[TRY IT] Locate the line bearing "Wohnwand mit stauraum" in the material below, then reproduce it and each following line up to and including the line bearing "Brooks Brothers Supima".

[PROVIDED INFORMATION]
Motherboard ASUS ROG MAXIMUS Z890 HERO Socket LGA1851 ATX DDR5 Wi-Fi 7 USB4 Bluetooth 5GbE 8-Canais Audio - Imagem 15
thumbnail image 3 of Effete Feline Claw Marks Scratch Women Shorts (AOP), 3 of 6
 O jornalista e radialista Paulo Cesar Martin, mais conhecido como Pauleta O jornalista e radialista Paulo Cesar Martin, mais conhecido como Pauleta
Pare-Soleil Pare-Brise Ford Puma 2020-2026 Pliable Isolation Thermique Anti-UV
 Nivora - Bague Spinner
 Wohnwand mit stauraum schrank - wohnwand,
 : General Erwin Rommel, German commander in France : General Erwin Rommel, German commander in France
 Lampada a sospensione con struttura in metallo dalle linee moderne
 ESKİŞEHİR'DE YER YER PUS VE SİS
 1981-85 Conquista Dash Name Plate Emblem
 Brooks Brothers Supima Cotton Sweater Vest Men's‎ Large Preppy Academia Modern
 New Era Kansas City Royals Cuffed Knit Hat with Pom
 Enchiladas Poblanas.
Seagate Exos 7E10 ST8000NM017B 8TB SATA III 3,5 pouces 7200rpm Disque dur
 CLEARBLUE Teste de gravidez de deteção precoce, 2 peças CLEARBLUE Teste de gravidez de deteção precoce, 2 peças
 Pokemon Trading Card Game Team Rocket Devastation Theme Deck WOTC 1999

[WORKED SOLUTION]
 Wohnwand mit stauraum schrank - wohnwand,
 : General Erwin Rommel, German commander in France : General Erwin Rommel, German commander in France
 Lampada a sospensione con struttura in metallo dalle linee moderne
 ESKİŞEHİR'DE YER YER PUS VE SİS
 1981-85 Conquista Dash Name Plate Emblem
 Brooks Brothers Supima Cotton Sweater Vest Men's‎ Large Preppy Academia Modern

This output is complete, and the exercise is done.